## Your instructions
Your task is to find every line in the records that holds the string "Party" and copy it.

## Records shown
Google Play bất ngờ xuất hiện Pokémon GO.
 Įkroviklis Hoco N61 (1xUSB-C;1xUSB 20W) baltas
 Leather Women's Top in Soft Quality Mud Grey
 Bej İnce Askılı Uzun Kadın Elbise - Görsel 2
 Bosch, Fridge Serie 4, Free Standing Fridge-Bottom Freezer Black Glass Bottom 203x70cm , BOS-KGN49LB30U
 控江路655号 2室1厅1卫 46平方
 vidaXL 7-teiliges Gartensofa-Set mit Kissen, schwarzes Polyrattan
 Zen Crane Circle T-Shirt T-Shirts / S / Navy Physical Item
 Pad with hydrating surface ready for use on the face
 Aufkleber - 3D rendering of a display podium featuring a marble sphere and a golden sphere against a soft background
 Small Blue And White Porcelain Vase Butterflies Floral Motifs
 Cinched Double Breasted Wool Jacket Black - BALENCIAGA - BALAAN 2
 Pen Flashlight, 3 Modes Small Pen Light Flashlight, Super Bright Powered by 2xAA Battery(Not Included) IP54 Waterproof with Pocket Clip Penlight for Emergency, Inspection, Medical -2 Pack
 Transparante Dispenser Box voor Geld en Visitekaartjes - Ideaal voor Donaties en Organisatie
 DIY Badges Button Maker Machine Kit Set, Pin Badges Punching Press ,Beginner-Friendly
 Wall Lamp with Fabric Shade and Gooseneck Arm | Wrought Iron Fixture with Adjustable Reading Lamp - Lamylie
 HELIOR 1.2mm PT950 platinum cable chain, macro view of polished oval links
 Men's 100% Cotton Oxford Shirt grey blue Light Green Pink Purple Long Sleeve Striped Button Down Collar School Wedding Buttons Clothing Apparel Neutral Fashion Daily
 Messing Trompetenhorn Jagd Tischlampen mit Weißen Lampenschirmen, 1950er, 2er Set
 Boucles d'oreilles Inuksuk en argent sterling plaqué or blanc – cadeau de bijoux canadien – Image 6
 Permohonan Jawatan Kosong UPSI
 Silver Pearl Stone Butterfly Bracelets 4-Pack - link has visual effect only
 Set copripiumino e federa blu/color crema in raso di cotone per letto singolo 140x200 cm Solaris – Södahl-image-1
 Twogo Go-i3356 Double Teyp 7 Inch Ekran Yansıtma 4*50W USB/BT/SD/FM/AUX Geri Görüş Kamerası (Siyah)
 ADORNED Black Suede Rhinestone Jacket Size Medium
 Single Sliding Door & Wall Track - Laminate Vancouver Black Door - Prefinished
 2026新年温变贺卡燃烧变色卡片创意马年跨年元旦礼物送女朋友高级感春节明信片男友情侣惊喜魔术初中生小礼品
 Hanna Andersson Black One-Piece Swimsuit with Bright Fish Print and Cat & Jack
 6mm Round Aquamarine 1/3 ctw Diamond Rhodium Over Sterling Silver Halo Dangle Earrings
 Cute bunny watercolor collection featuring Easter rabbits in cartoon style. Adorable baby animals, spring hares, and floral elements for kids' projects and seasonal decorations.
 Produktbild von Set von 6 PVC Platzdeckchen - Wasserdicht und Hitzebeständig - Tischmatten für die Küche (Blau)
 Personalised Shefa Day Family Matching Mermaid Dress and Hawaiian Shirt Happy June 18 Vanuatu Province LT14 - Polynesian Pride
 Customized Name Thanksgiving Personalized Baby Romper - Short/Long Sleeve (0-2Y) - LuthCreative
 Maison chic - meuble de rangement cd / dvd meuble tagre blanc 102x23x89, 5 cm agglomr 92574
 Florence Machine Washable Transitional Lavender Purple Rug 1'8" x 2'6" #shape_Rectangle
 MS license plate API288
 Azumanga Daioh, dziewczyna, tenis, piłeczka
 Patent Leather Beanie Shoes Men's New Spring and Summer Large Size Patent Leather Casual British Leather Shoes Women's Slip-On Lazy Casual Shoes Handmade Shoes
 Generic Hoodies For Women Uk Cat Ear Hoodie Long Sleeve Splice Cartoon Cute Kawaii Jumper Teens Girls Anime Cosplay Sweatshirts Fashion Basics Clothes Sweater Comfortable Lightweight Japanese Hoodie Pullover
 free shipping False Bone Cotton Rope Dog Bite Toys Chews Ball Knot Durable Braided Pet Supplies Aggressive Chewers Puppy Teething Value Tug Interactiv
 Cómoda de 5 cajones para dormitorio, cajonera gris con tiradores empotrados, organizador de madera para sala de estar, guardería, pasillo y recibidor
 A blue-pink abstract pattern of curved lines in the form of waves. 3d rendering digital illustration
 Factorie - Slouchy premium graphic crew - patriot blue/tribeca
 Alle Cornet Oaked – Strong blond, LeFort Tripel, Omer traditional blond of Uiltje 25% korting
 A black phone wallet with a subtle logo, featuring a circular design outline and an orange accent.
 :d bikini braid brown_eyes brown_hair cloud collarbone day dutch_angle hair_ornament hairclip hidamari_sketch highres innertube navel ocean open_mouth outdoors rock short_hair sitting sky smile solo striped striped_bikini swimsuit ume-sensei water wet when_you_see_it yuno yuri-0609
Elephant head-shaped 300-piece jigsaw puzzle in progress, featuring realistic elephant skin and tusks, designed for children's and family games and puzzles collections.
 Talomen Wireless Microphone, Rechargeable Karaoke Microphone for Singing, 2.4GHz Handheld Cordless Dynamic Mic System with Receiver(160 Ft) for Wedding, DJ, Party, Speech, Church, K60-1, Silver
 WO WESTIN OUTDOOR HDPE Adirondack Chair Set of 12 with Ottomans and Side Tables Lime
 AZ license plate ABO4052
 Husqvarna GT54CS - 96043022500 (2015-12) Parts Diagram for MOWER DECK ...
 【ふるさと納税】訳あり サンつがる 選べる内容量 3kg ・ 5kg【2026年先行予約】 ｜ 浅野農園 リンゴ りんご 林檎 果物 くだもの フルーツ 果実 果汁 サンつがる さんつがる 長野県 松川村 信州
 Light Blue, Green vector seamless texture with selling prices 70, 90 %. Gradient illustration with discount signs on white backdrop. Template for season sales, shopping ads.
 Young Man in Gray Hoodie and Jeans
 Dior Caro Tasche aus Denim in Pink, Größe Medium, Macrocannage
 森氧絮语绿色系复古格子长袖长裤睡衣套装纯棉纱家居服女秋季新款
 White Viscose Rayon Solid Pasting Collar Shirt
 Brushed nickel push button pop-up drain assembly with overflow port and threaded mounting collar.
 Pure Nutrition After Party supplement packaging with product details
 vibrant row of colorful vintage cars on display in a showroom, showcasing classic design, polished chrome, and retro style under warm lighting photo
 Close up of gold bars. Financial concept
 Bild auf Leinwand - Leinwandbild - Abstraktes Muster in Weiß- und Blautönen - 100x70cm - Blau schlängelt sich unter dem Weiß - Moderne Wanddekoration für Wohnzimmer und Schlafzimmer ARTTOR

## Output of the exercise
 Talomen Wireless Microphone, Rechargeable Karaoke Microphone for Singing, 2.4GHz Handheld Cordless Dynamic Mic System with Receiver(160 Ft) for Wedding, DJ, Party, Speech, Church, K60-1, Silver
 Pure Nutrition After Party supplement packaging with product details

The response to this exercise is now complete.